I think I can get a copy of the old GEC Fuselinks video which shows the same sort of behaviour. On hols at moment, will see what I can do.

 

[dpc]

Interesting. In my experience, cable damage from short circuits is never the limiting factor in protection requirements. I'm in the US and the NEC rules for feeder sizing and load calculations are extremely conservative, so that may be one factor.

That said, the cable damage is generally a thermal function. So the initial asymmetrical current increases the heating, but contributes only its share based on the magnitude of current.

The issue of cable movement during faults is really a separate issue.

 

[7anoter4]

In three-core cable case should not be a problem.

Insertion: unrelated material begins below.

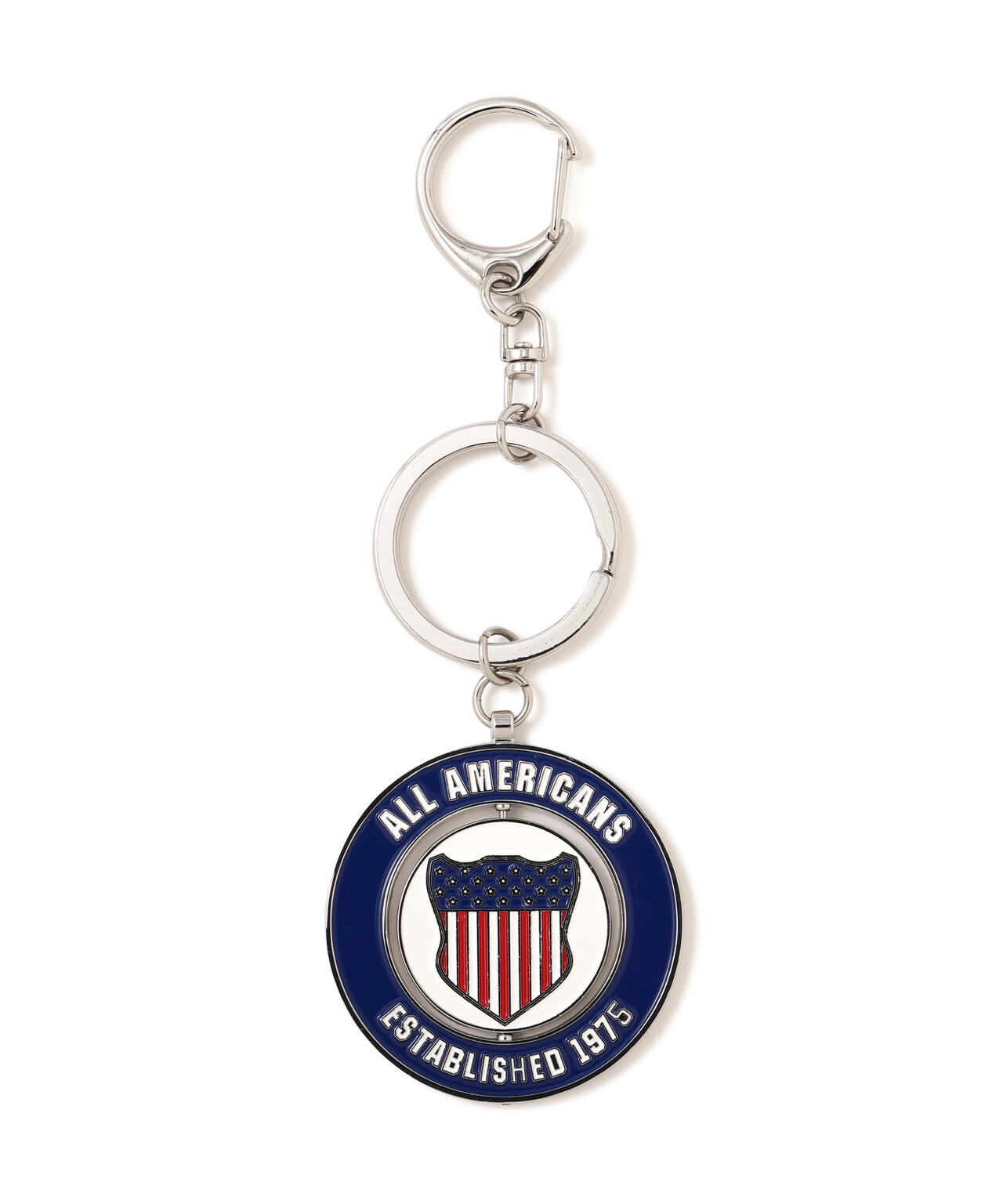 SIGNATURE LOGO KEY HOLDER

For single core cable you'll need clamps. See-for instance:

https://www.id-technik.com/fileadmin/site/documents/id-Technik_Catalogue_English.pdf

 

[veritas]

Thanks for the video post hamburgerhelper. Very interesting indeed. Yes, I can well imagine the forces acting on bus conductors under fault conditions and the bracing and support required to stabilise them under fault conditions. Rather shocking!

The reason why I posted the initial question is that I am actually looking at an installation where I need to size LV cables and the fault currents are rather high. If I add in motor contributions then fault level increases by around 9kA - this is for both the rms symmetrical and peak. I will have a mix of three and single phase cables and so I am mulling over the questions as to how critical are motor contributions to fault levels for cable selection.

Yes, from a thermal point of view, the motor contributions die down very quickly and so I do not see that as too serious when it comes to thermal considerations. But it is the effect of the peak current that has me worried.

Actually, this question is more of academic interest more than anything else, as I'm not aware of any formula or cable parameter particularly addressing dynamic forces withstand abilities. Yes, for 1C cables, good support clamps are recommended as per 7anoter4's post.

But I have never seen a cable manufacturer specify a dynamic withstand rating of his 3C cable. By this I mean the capacity of the 3C cable to not fly apart and voluntarily trifurcate due to a fault (i.e. forces between phases in the 3C cable makes it fly apart). I've actually never heard this happening (I may be wrong) so maybe I should just go back to sleep!

 

[aussiejohn2]

Zanoter4 includes a link to an Ellis Patent video of a short circuit test on a cleated multicore cable in this thread:

https://www.eng-tips.com/viewthread.cfm?qid=437486

There are also some calc's that may explain why it is not normally assessed (and not required to be assessed in any of the standards that discuss cable selection that i'm familiar with). The interesting question, though, is why it is routinely addressed for joints, which have dynamic short circuit ratings expressed in kApeak (vs the kArms of the thermal SC ratings).

 

[jghrist]

Like dpc, my experience has been the fault currents are seldom the determining factor in cable sizing. The fault current capacity of a cable is dependent on the time duration, related to I²t. The initial peak doesn't last long enough to influence the capacity, so you don't need to consider it. I suppose you could calculate the rms current of the entire fault duration including the initial peak, but I'm sure it won't make any difference except for very short times.

 

[veritas]

I am aware that the initial peak will have negligible influence on the thermal considerations when doing cable selection. My question is in regards to the dynamic forces/stresses the cable may be subjected to because of the initial peak. Now, with a 3 x 1C cables we know that there are forces of attraction and repulsion between phases with a fault. These videos have shown it - though the videos show bare conductors it certainly applies to cables as well.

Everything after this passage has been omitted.